The most important consumer device is now the smartphone, not the TV, and that means that there are lots of ways to exploit the investment of buyers. At CES, I saw a couple of examples of products that I’m sure have a real opportunity in the market, but are really missing the key price point.
For more than fifty years, consumers moving up to what economists call the ‘middle class’ (which means some level of disposable income after paying for the basics of food and shelter) have saved up and bought their first technology product – and that was a TV. Owning a TV was a key first product and a status symbol. However, this has now changed and the first product that consumers now buy once they have some cash is usually a smartphone. The smartphone has many more uses and benefits than a TV as it may enable business opportunities or help to find work as well as offering entertainment and communication.
So, the question should be, I think, “How can I exploit the opportunity that comes from the existing base of smartphones?”, especially if I was interested in increasing sales in MEA, India or South America or any other developing nation. One of the amazing things about modern smartphones, even at the entry level, is that they have a huge amount of processor power. However, the smartphone is lacking in the display size, keyboard and other input and connections needed for computing. So, it seems to me, there is a real opportunity to turn a smartphone into a computer.

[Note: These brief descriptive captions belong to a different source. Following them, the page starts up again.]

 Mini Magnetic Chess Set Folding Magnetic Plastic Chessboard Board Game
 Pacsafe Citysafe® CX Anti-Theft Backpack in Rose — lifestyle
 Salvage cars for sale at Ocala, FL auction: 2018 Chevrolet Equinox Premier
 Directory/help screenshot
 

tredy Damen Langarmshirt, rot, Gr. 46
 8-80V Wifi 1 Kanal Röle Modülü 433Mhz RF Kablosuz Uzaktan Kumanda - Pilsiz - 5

Over the years, companies have developed systems that attach to a smartphone to exploit the processor. Asus made a tablet that effectively uses the smartphone as the brains of the tablet. Others have developed a class of products that look like a notebook, with a display, keyboard and battery and we have reported on this type of device (what is it called???) for several years. Korea Telecom had a product called a ‘notebook shell’ that went with the KT SpiderPad in 2011 and Acer showed such a device although it didn’t seem to develop much in terms of sales. The KT product was expensive and sold only small volumes.
Andromium Developing Superbook
There are start-ups looking at the opportunity and we have been watching the Andromium kickstarter project for some time (the project is, as is often the case on KickStarter, delayed at the moment). Andromium is an interesting solution because Android was not designed for a keyboard and mouse input system. So, the firm has developed a software shell for Android that is intended to make the OS more usable (and there is another from Remix OS that we have heard is good, although I haven’t tried it). I interviewed Andromium on video at MWC in 2015.

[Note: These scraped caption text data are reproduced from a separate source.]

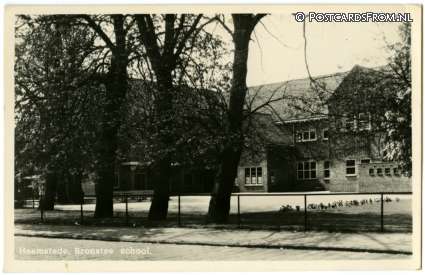 Heemstede, Bronstee school ansichtkaart: Heemstede, Bronstee school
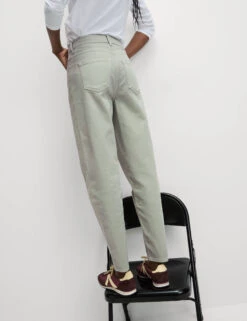 Mom High Waisted Colour Ankle Grazer Jeans -Cyberjammies Store Mom High Waisted Colour Ankle Grazer Jeans 2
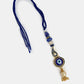 NVR Women & Men Set of 2 Blue Evil Eye Beaded Bhaiya Bhabhi Rakhi With Roli Chawal & Chocolate | Swadesiicart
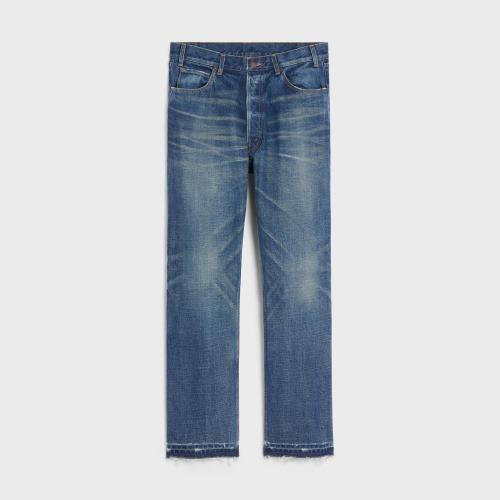  CELINE賽琳思琳 22年秋冬 男士 牛仔褲 WESLEY DARK UNION水洗色牛仔褲 2N785066S.07TK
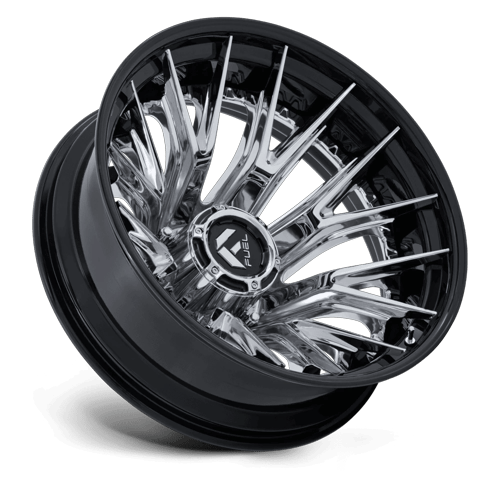 Fuel 1PC D407 CATALYST DUALLY – 24X8.25 – 8X200 – -202 mm – CHROME W/ GLOSS BLACK LIP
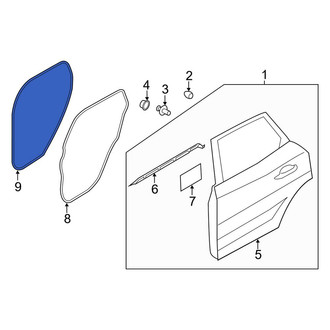 Lincoln OE - Rear Inner Door Seal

The development and adoption of USB Type C – which can deal with power, graphics and data over a single connector, makes this kind of product more likely to be used.
However, there is a problem with a lot of the solutions so far developed, and that is pricing. I saw several of this kind of product from HP and others at the event, but the cheapest I saw was intended to cost $300 or, in one case, a lot more. The HP Elite X3 Lap Dock is available online at $599. $599??? Really??? For this price, I would expect a complete notebook. The Mirabook is another device, but it still lists at $299 and that seems too expensive to me for the developing world, although it might find a home in business applications in the West as it looks well made.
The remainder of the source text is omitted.